Increasingly, US insurance companies have declined to set up a reinsurance department or subsidiary in the US. In the 1980s and 1990s, US insurers often allocated a certain amount of their surplus to get into a line of reinsurance. This new entry enabled it to write reinsurance business in areas where it was not writing primary risks geographically in America, step into new markets or write international risks.
Today, most of the reinsurance affiliates and departments of primary insurers have been merged with US and foreign professional insurers, sold or put into run-off. Most experts agree the reason for the declining US professional reinsurance industry is the US income tax rate and the tightening grip of regulation of reinsurance. "Clearly it is Bermudas' tax advantage," said S&P's Mr Magarelli. In the US, the income tax rate for corporations is 35%, though few reinsurers, using credits and losses, pay at that rate. But in Bermuda, there are no income taxes, no taxes at all; none.
Mr Magarelli sees a continuing strong interest in Bermuda for establishing new companies. At present, there has not been a great rush to set up additional reinsurers, because usually the greatest increase comes following a catastrophe, either natural or man-made, but no single multi-billion dollar catastrophe has occurred recently. "Besides there is more than enough capital now in the market," he said. "Before investors would want to fund an additional reinsurer or insurer, the investors would have to be convinced they could make a profit, perhaps by filling a specific niche that lacks competition presently."
The on-going investigations of brokers and re/insurers may curtail a historical source of capital for setting up re/insurers in Bermuda. The big brokers - Marsh, Aon and Benfield - have long been involved in creating new re/insurance companies, including captives, in Bermuda. Willis has decided not to invest in companies in which it places business. It views assigning certain markets with specific reinsurers a potential conflict of interest.
At the beginning of December 2004, Aon completed the sale of almost all of its 19.4% stake in Endurance, for which it received $321m. Other brokers may follow suit. Marsh & McLennan Companies could see its profits further reduced if required to forfeit its investments in re/insurers. MMC Capital had previously participated in providing the capital for at least 10 re/insurance companies.
Preventing brokers from being involved in the formation of re/insurers or requiring them to dispose of their present investments, could reassure reinsurance buyers of a more straightforward placement of their coverage.
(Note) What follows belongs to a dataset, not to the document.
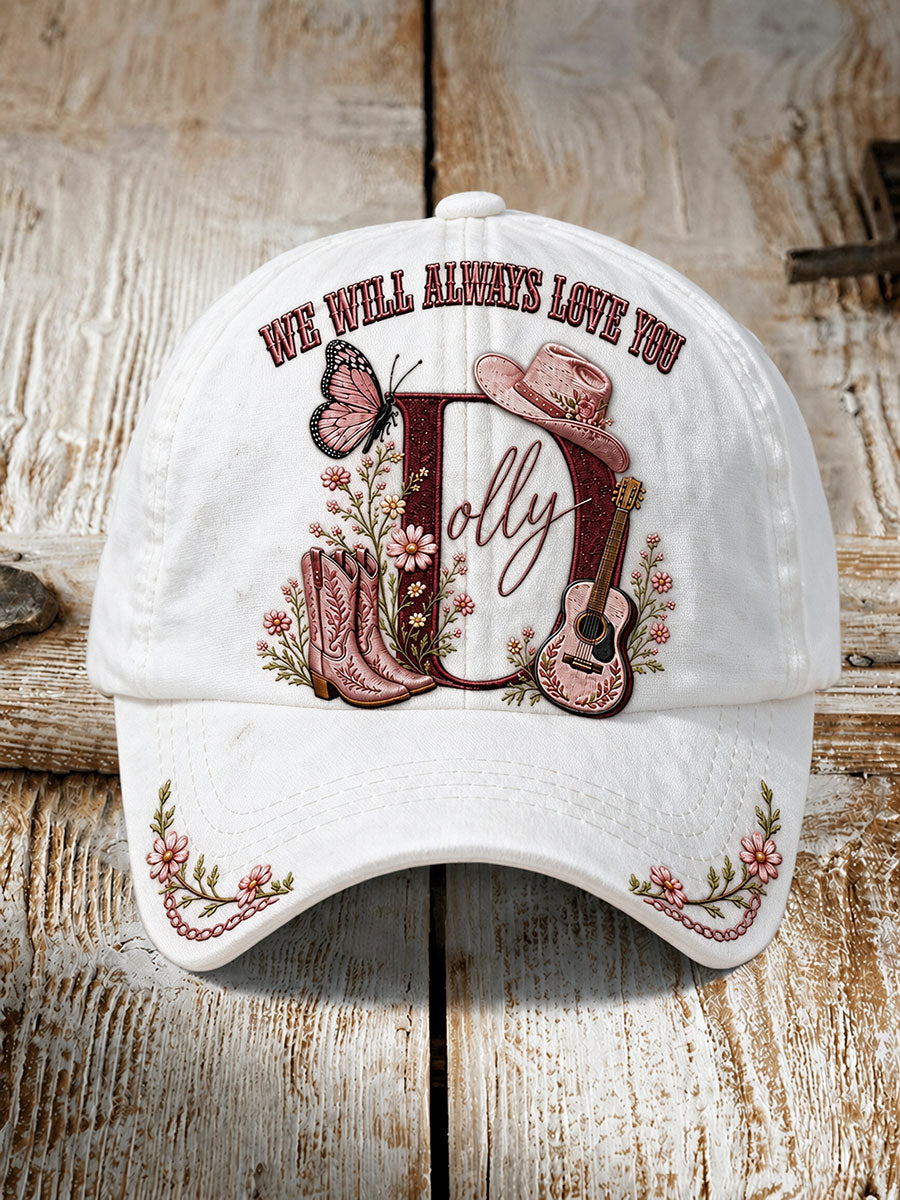 Unisex Legendary Country Singer Print Hat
On the other hand, when next the market suffers from a multi-billion disaster, the capability to generate new capital may be severely limited with the expulsion of brokers' money.
Whatever the outcome of these governmental inquiries and lawsuits concerning the integrity and solvency of Bermuda's re/insurer industry, the island has existed as a rock in the thrashing Atlantic for a very long time. Rest assured it will survive this latest puny assault.
Ronald Gift Mullins is an insurance journalist based in New York City.